Search code examples
rparallel-processingbioconductor

Parallel processing with BiocParallel running much longer than serial


I am trying to use parallel processing to speed up running many Boosted Regression Trees in R. I am using the BiocParallel package (http://lcolladotor.github.io/2016/03/07/BiocParallel/#.WiqF7bQ-e3c). I have created some dummy data and then set up a function to run two BRT models, which I hoped to time in Serial then in Parallel. However, my Parallel run never seems to complete, while my Serial run only takes about 3 seconds.

##CAN I USE PARALLEL PROCESSING TO SPEED UP BRT'S?

##LOAD PACKAGES
library(BiocParallel)
library(dismo)
library(gbm)
library(MASS)

##CREATE RANDOM, CORRELATED DATA
## FROM https://www.r-bloggers.com/simulating-random-multivariate-correlated-data-continuous-variables/
R = matrix(cbind(1,.80,.2,  .80,1,.7,  .2,.7,1),nrow=3)
U = t(chol(R))
nvars = dim(U)[1]
numobs = 100
set.seed(1)
random.normal = matrix(rnorm(nvars*numobs,0,1), nrow=nvars, ncol=numobs);
X = U %*% random.normal
newX = t(X)
raw = as.data.frame(newX)
orig.raw = as.data.frame(t(random.normal))
names(raw) = c("response","predictor1","predictor2")
cor(raw)


###########################################################
##  MODEL
##########################################################


##WITH FUNCTIONS, 

Tc<-c(4, 8) ##Tree Complexities

Lr<-c(0.01)  ## Learning Rates

Vars <- split(expand.grid(Tc,Lr),seq(nrow(expand.grid(Tc,Lr))))

brt <- function(x){
  a <- gbm.step(raw,gbm.x=c(2:3),gbm.y="response",tree.complexity=x[1],learning.rate=x[2],bag.fraction=0.65, family="gaussian")
  b <- data.frame(model=paste("Tc= ",x[1]," _ ","Lr= ",x[2],sep=""), R2=a$cv.statistics$correlation.mean, Dev=a$cv.statistics$deviance.mean)
  ##Reassign model with unique name
  assign(paste("patch.tc",x[1],".lr",x[2],sep=""),a, envir = .GlobalEnv)
  assign(paste("RESULTS","patch.tc",x[1],".lr",x[2],sep=""),b, envir = .GlobalEnv)
  print(b)
}



############################
###IN Serial
############################

system.time(
lapply(Vars, brt)
)


############################
###IN PARALLEL
############################

system.time(
bplapply(Vars, brt)
)

Solution

  • Some quick comments:

    1. Always avoid assign(); if you find yourself using it, it's a good sign you're approaching the problem the wrong way.

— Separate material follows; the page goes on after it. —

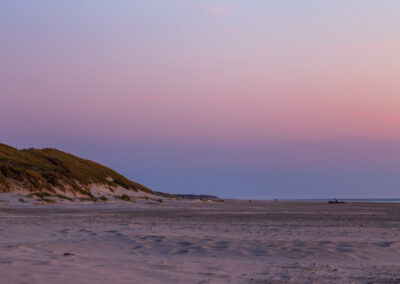 Bred strand under pastelfarvet himmel ved Vesterhavet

    2. Assign variables to global environment from within a function (using assign() or <<-) is always a bad idea and again, a hint that there is a better solution that you should use.

    3. If you still choose to break 1 and 2 above, it will certainly not work when you use it parallel processing.

    4. Instead, return your values (see below).

    5. That dismo::gbm.step() function tries to plot by default (plot.main = TRUE). That will not work (actually invalid) in so called forked parallel processing, which is often the default go-to on Unix and macOS.

    6. Plotting in parallel is often not what you want to do (unless you plot an image file or similar).

    To your problem: After modifying your brt() to (according to 1-6):

    brt <- function(x){
      a <- gbm.step(raw, gbm.x=c(2:3), gbm.y="response", tree.complexity=x[1], learning.rate=x[2], bag.fraction=0.65, family="gaussian", plot.main = FALSE)
      b <- data.frame(model=paste("Tc= ", x[1], " _ ", "Lr= ", x[2], sep=""), R2=a$cv.statistics$correlation.mean, Dev=a$cv.statistics$deviance.mean)
      list(a = a, b = b)
    }
    

    it works for me bplapply(Vars, brt) as well as with future::future_lapply(Vars, brt). With parallel::parLapply(cl, Vars, brt) you need to take more care exporting globals.

    PS. I would probably just return a and extract the b info outside.